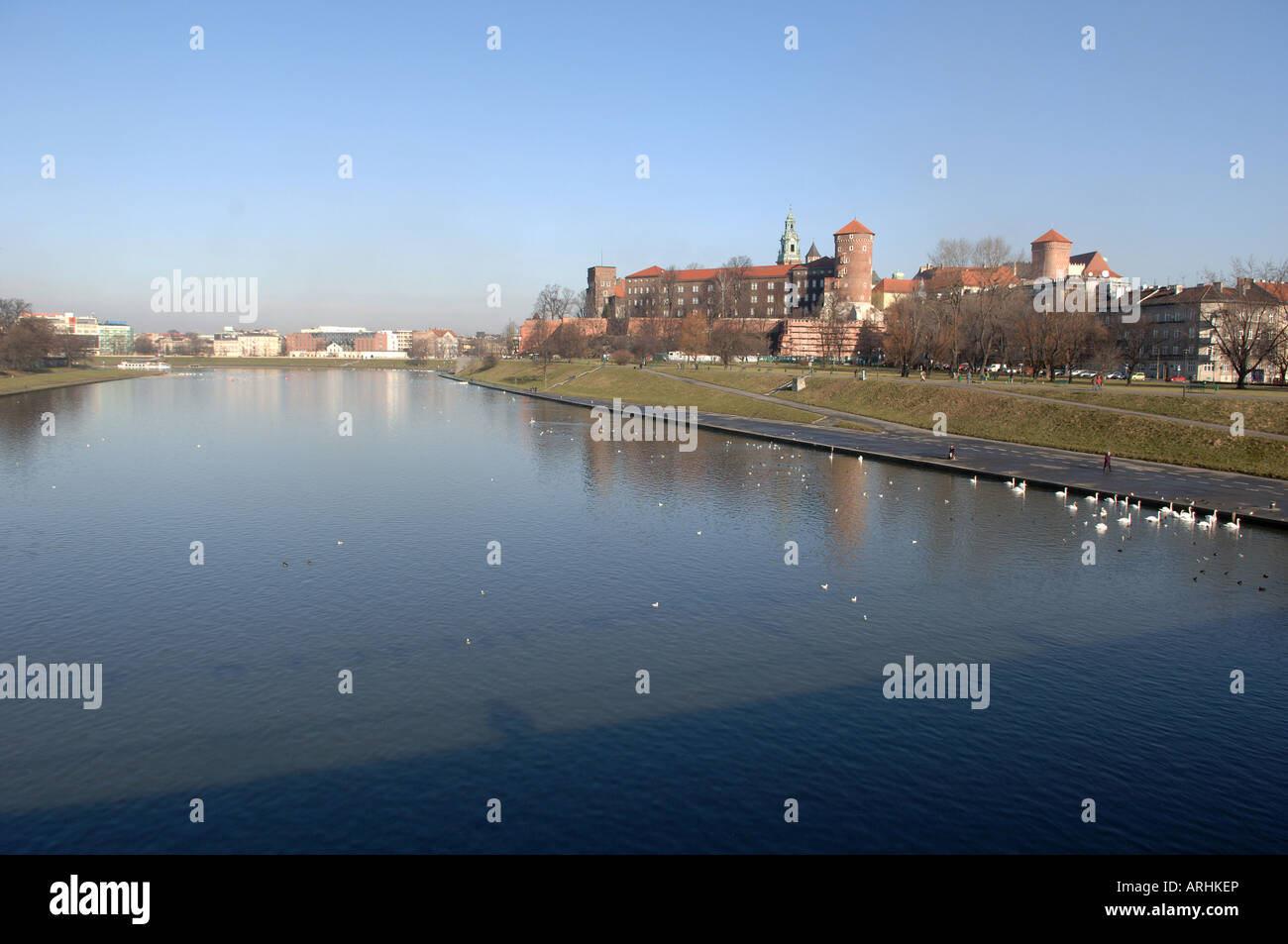 View of Wawel Hill castle and cathedral from bridge over River Wista Krakow Poland Stock Photo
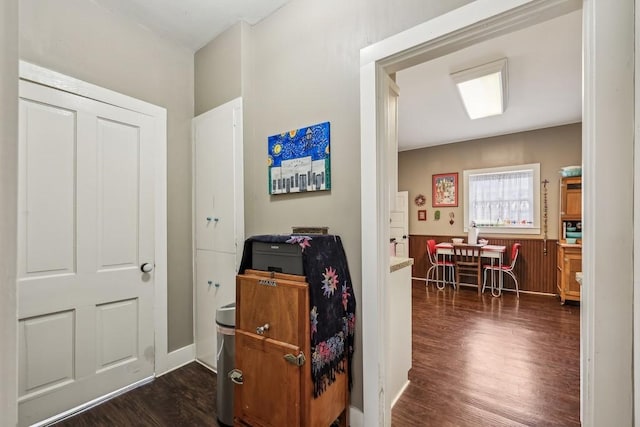 corridor with dark hardwood / wood-style flooring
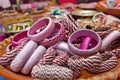 Variety colored handmade bangles are displayed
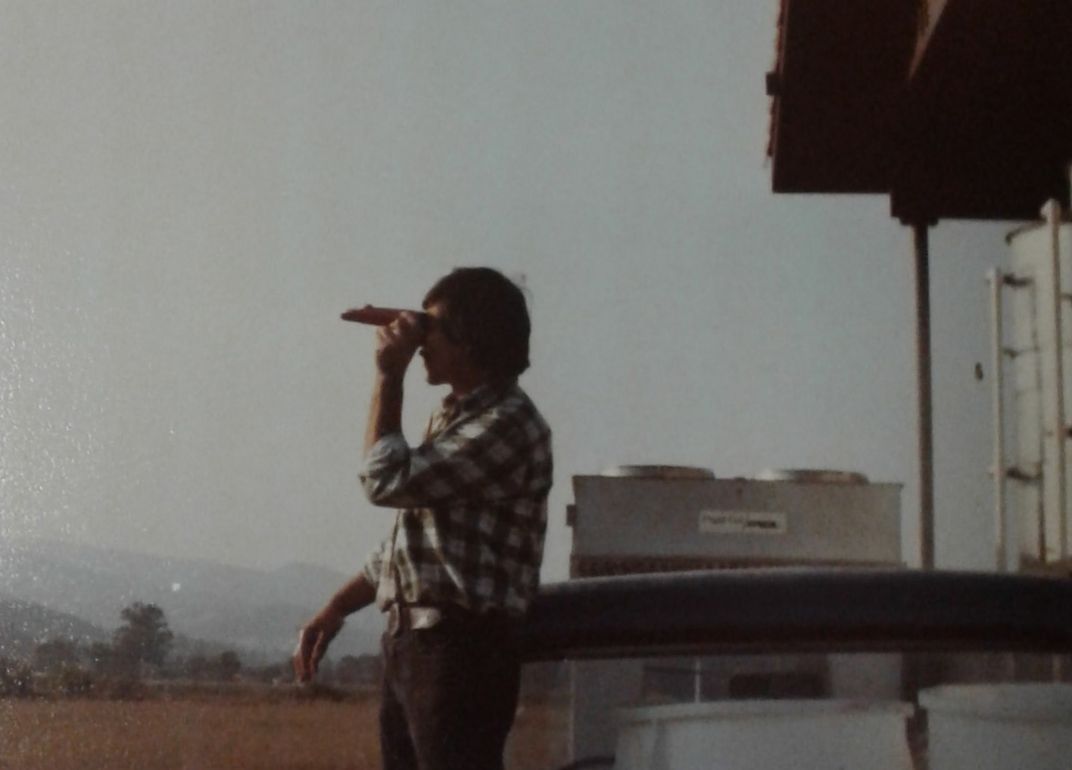 Gustavo Brambila looking through a refractometer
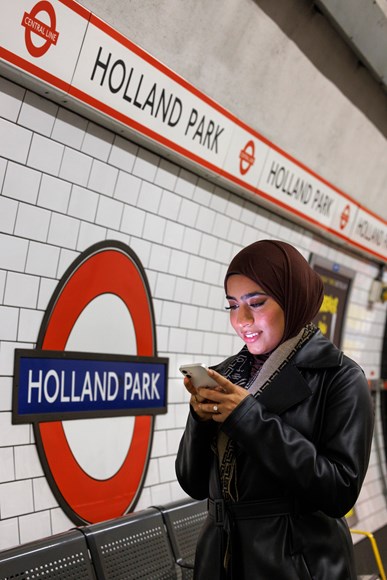 TfL Passenger using mobile on Holland Park platform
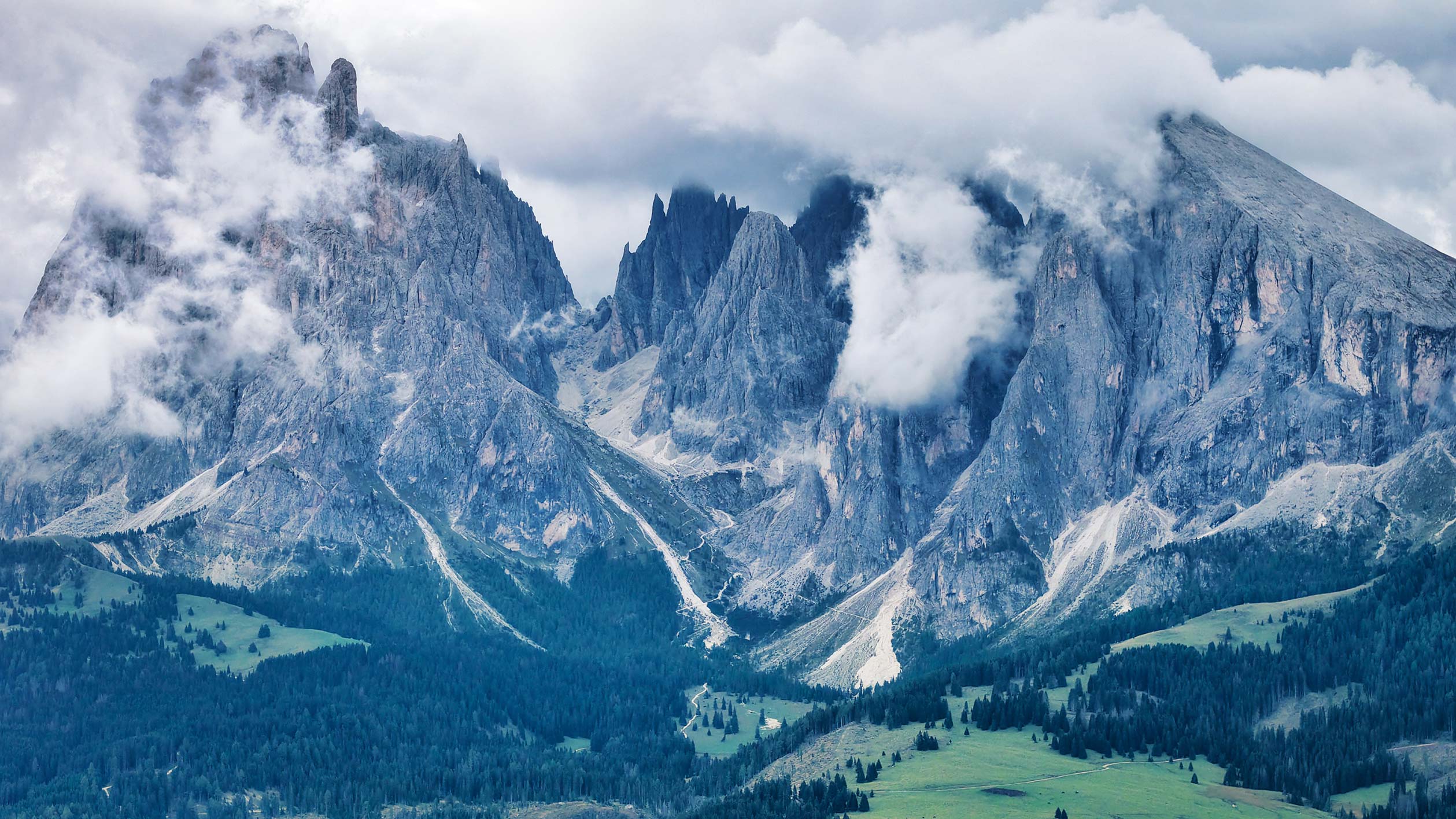 Peaks emerging from grey cloud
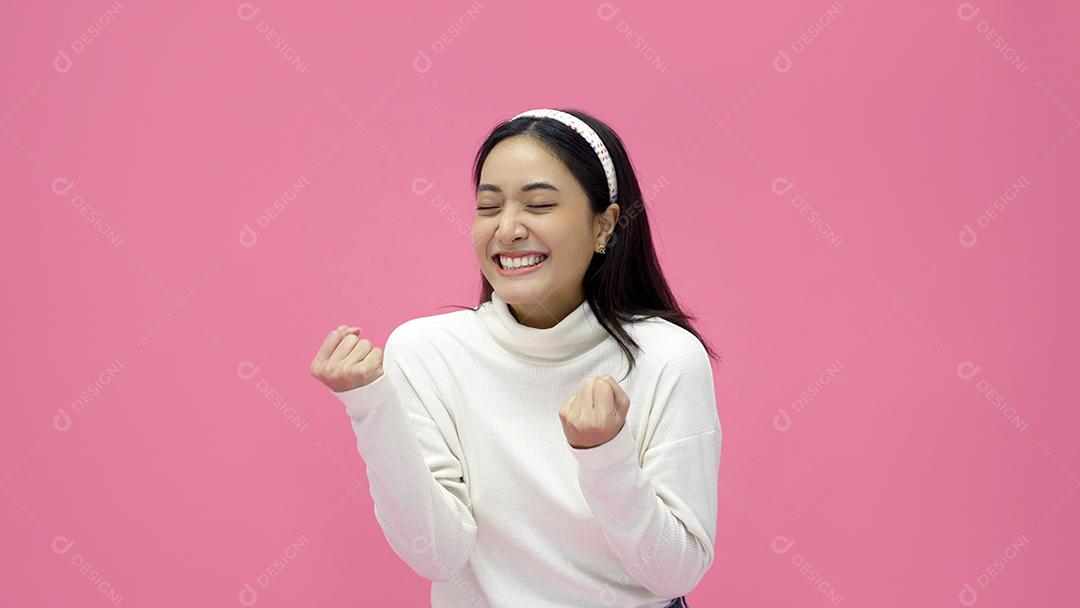 Mulher asiática sorrindo e dando os polegares para cima com alegria e emoção.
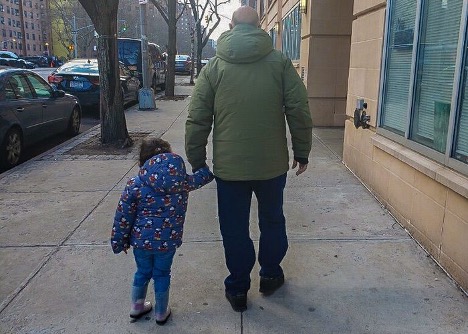 Child and adult walking on sidewalk, holding hands
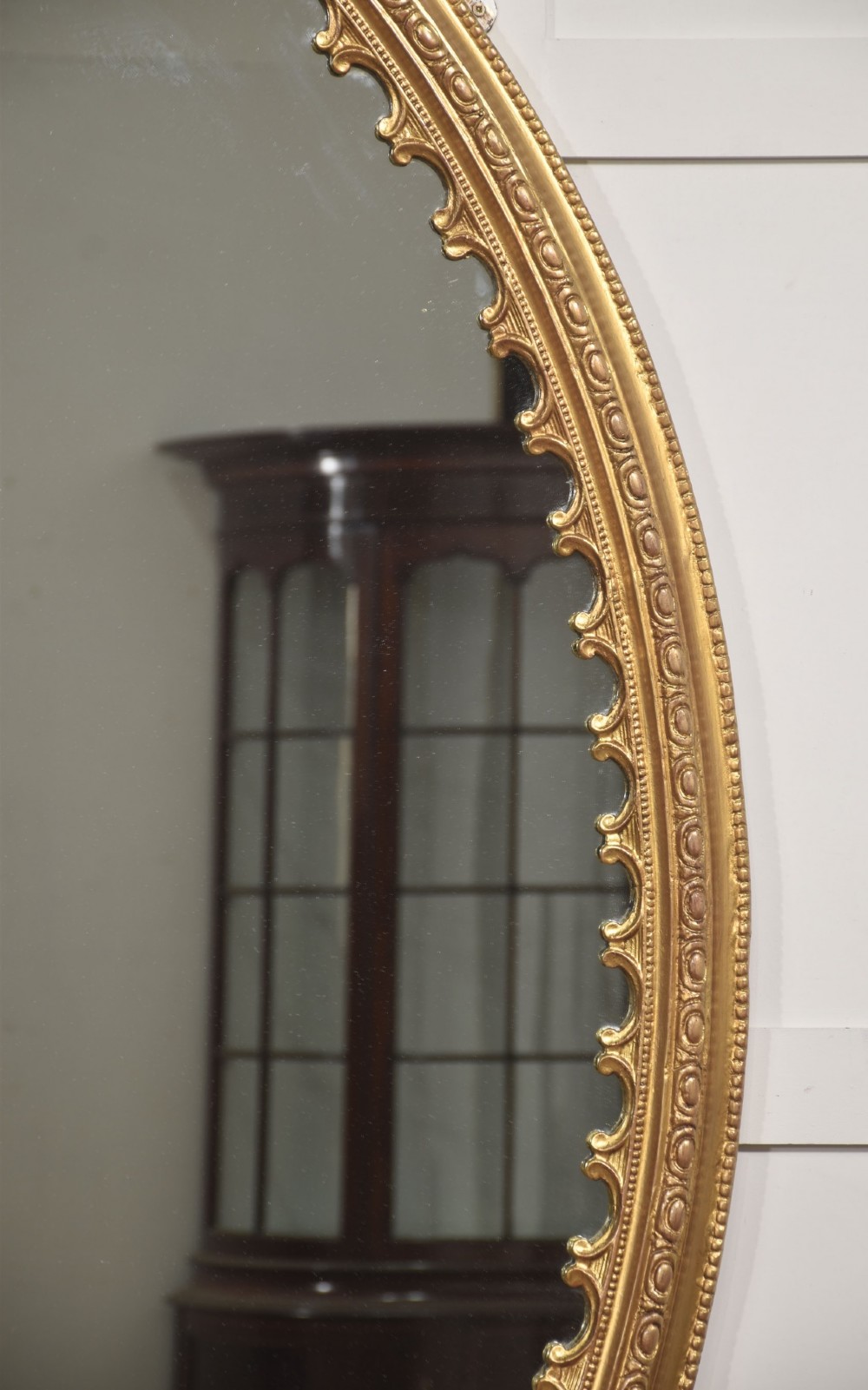 A large 19th-century oval wall mirror featuring a gilded frame with top shell cresting and scalloped inner detailing. View IV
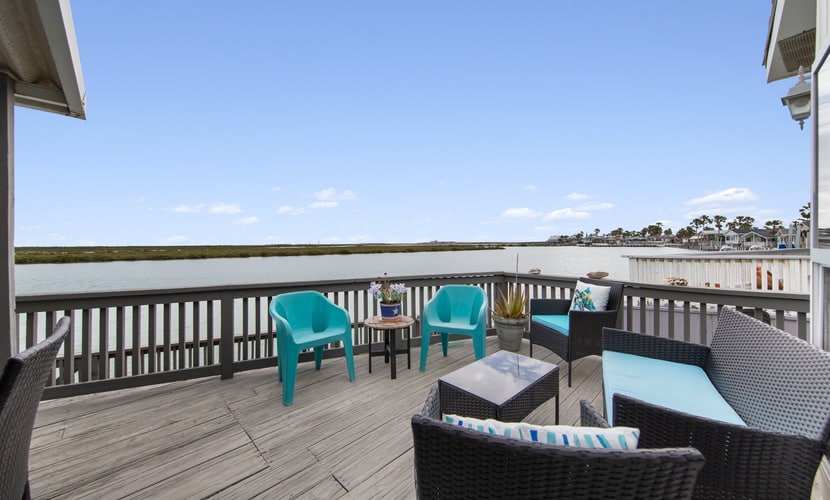 Welcome to Little Launch, a bright waterfront cottage tucked into the gated Long Island Village resort near Port Isabel. Watch the water from your covered deck, catch SpaceX launches lighting up the sky across the bay, and cook easy meals in the full kitchen before heading to the resort pools, golf, and tennis. A queen bedroom and living-room sofa bed sleep four, and South Padre Island beaches are a short drive over the causeway. Coastal calm with a front-row view of the future.
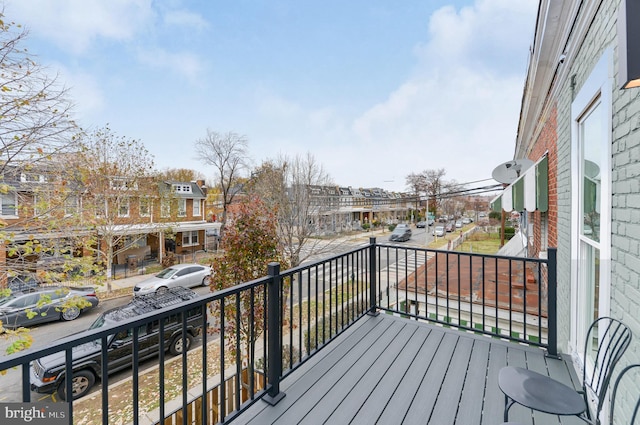 wooden deck featuring a residential view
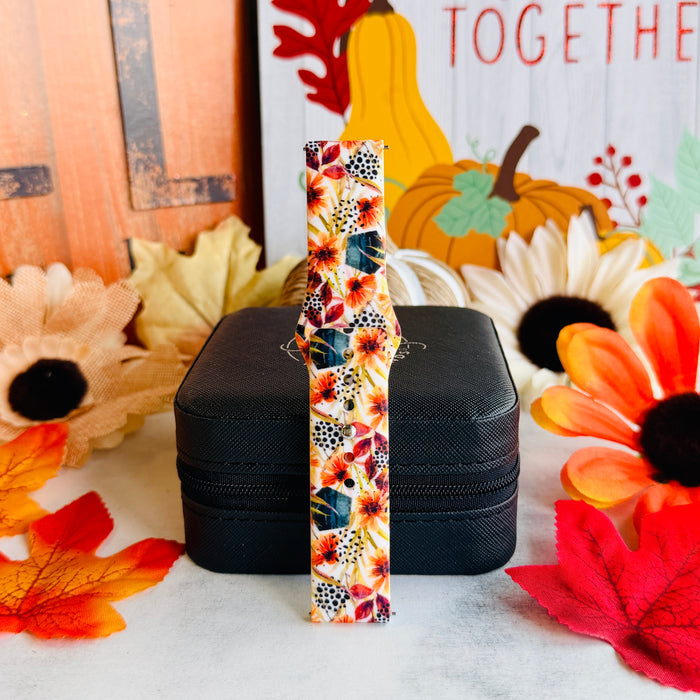 Sienna Petals Samsung Galaxy Watch band standing full length in front of a Gather Together fall sign with pumpkins and sunflowers.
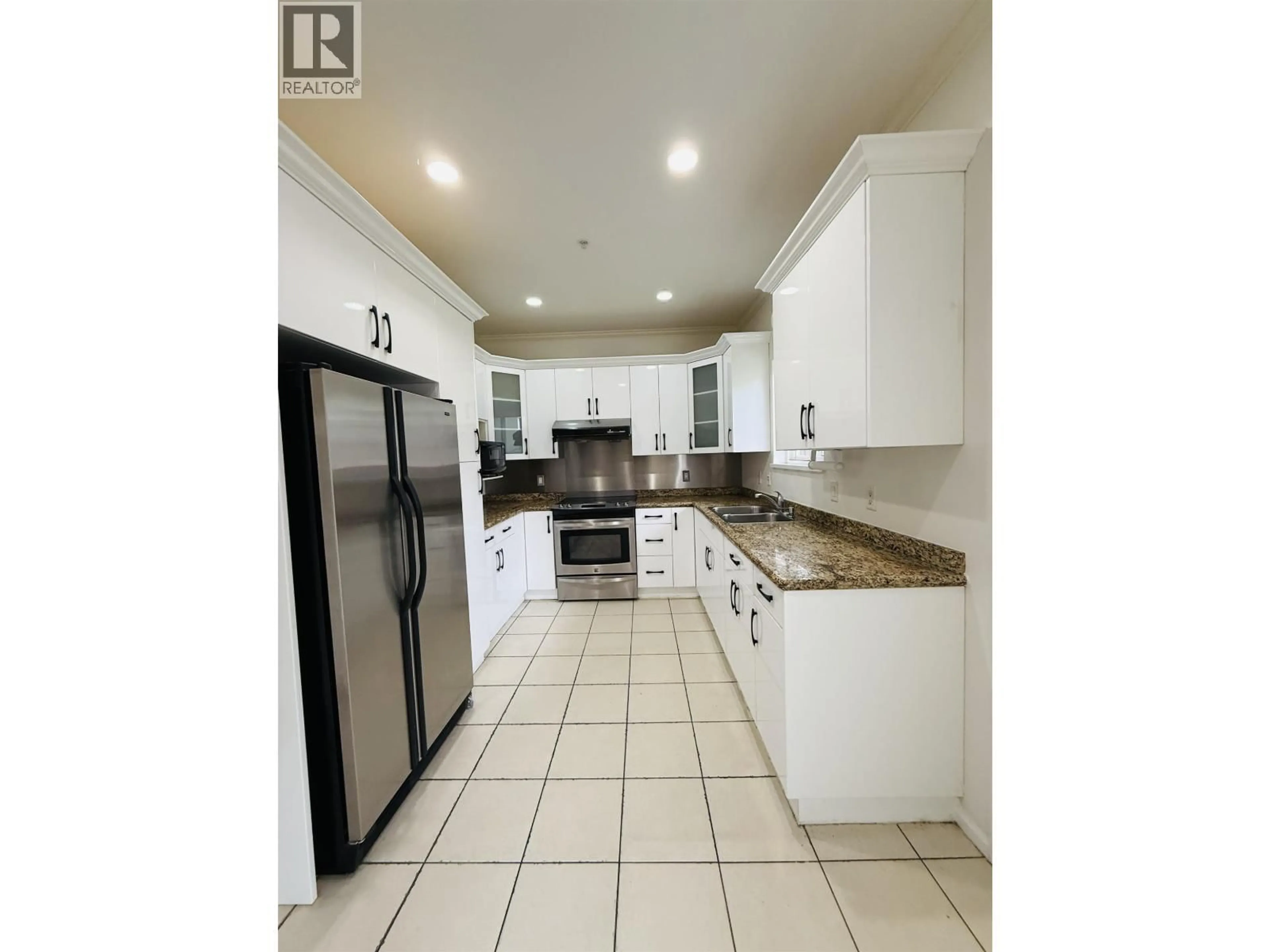 Open concept kitchen, ceramic/tile floor for 3076 27TH AVENUE, Vancouver British Columbia V5R1P2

+ + + +

## EXERCISE REQUIREMENTS
Go through the data and return every word of it verbatim, leaving out the pictures.

## ANSWER AREA
 View of Wawel Hill castle and cathedral from bridge over River Wista Krakow Poland Stock Photo
 corridor with dark hardwood / wood-style flooring
 Variety colored handmade bangles are displayed
 Gustavo Brambila looking through a refractometer
 TfL Passenger using mobile on Holland Park platform
 Peaks emerging from grey cloud
 Mulher asiática sorrindo e dando os polegares para cima com alegria e emoção.
 Child and adult walking on sidewalk, holding hands
 A large 19th-century oval wall mirror featuring a gilded frame with top shell cresting and scalloped inner detailing. View IV
 Welcome to Little Launch, a bright waterfront cottage tucked into the gated Long Island Village resort near Port Isabel. Watch the water from your covered deck, catch SpaceX launches lighting up the sky across the bay, and cook easy meals in the full kitchen before heading to the resort pools, golf, and tennis. A queen bedroom and living-room sofa bed sleep four, and South Padre Island beaches are a short drive over the causeway. Coastal calm with a front-row view of the future.
 wooden deck featuring a residential view
 Sienna Petals Samsung Galaxy Watch band standing full length in front of a Gather Together fall sign with pumpkins and sunflowers.
 Open concept kitchen, ceramic/tile floor for 3076 27TH AVENUE, Vancouver British Columbia V5R1P2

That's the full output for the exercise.